We realized last year that the land was not being used to its full effect and looked into building affordable housing on part of the property. At that time, we were encouraged to think about a solar array rather than affordable housing due to politics and the bureaucratic process that would hinder our efforts. Our housing division for the Archdiocese, Victory Housing, suggested we speak with Catholic Climate Covenant and Solar Energy Services. They took the lead in bringing this project to completion. The Seventh Principle of Social Justice challenges us to be good stewards of our environment. This is our mission and a challenge to us all.
Why did we say yes? First of all, we were very excited about responding directly to Pope Francis and the desire to be more environmentally friendly. The Seventh Principle of Social Justice challenges us to be good stewards of our environment. This is our mission and a challenge to us all. Secondly, we realized that this was a very good financial decision. In broad numbers, we agreed on a 15-year contract that will bring us over $5 million in either income or energy exchanges over those years. We will pay no more electrical bills in the District of Columbia for our 14 buildings that provide direct services to the poor and vulnerable.
Those savings will do two things: Help us maintain a very old building for the Missionaries of Charity by providing the funds to take care of all maintenance and capital expenses, and give us an additional quarter million dollars in savings to directly assist our programs that serve our clients every day. We met with the neighbors for their input and received valuable suggestions on how to implement a five-acre solar array on our property. Improvements to the plan now include the planting of 100 trees, which will improve storm-water management, a pollinator field rather than gravel underneath the panels, and additional environmental efforts to enhance the aesthetic beauty of the project.
As always, there were some concerns raised by the community, and we did our best to address them. All is going well and we planned to have the project completed by the end of 2019. Obviously, this is a win-win and that is why I want to encourage you to think carefully about your own properties and the potential to do the right thing while saving and providing money to help those in need.

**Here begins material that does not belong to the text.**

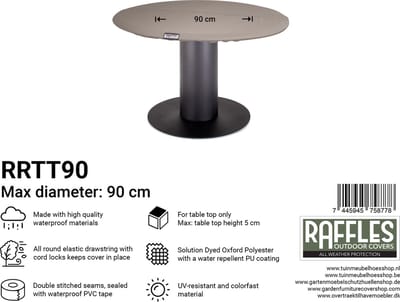 Raffles Covers Beschermhoes rond tuintafelblad - ⌀ 90 H: 5 cm - RRTT90 - Waterdicht - UV-bestendig - Elastische zoom - Beschermhoes tuinmeubelen - Tuintafelbladhoes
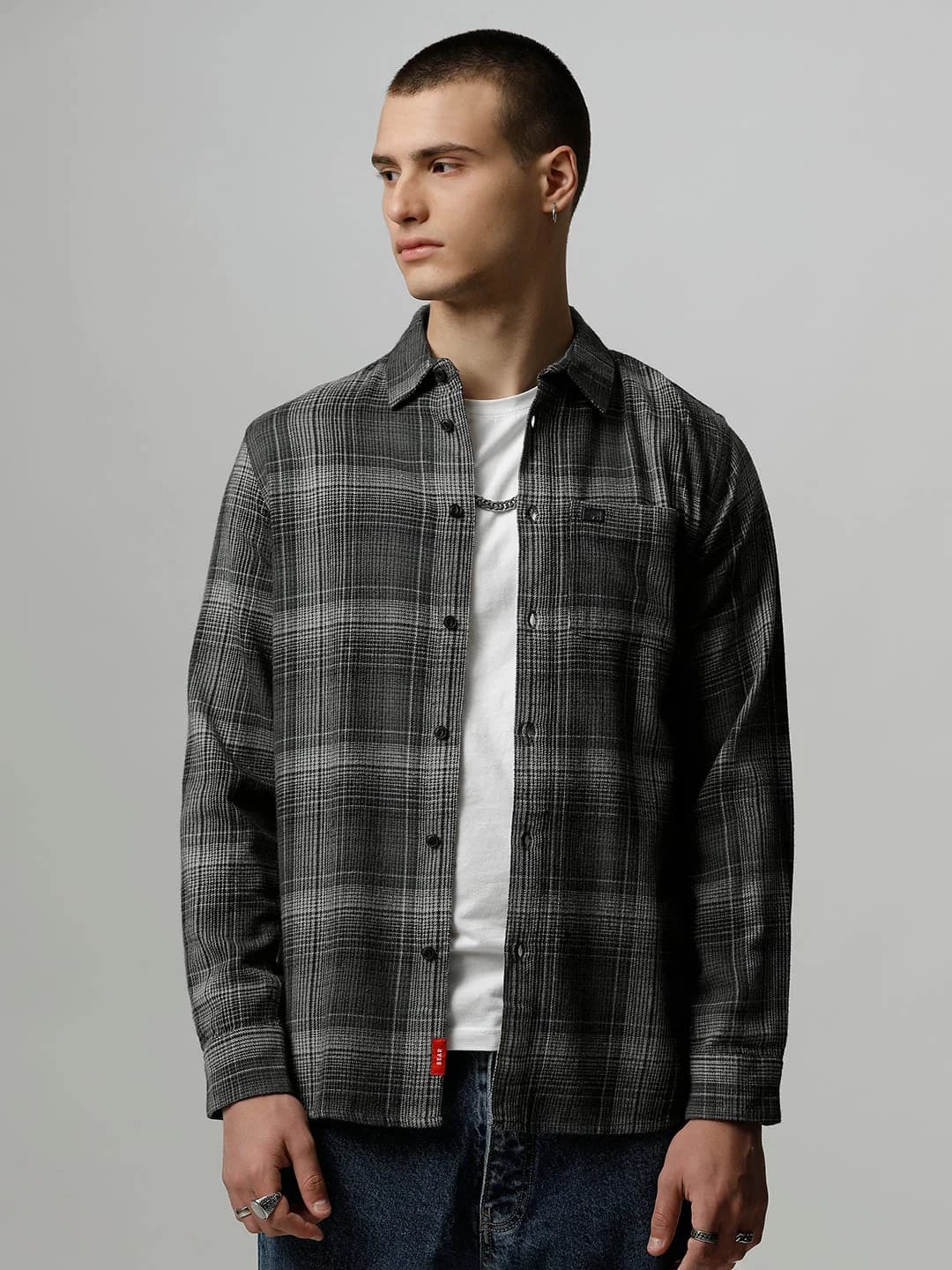Men's Grey Casual Checked Slim Fit Cotton Shirt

We are thrilled to be a partner with Catholic Energies and Catholic Climate Covenant in leading the way for our community. I’m particularly proud that Catholic Charities took a proactive step in making solar a part of our commitment to responding to the environmental needs of our society, not just for today, but for generations to come. We have a moral obligation to recycle.
Our young people are clearly leading the way in this regard, and we hope to join in solidarity with them as they remind us in their words and actions of our responsibility to protect the great gift of nature that God has put in our hands. If you want more information, I encourage you to contact Dan Misleh at Catholic Climate Covenant. He is very anxious to work with all who wish to pursue solar energy through their agency or parish.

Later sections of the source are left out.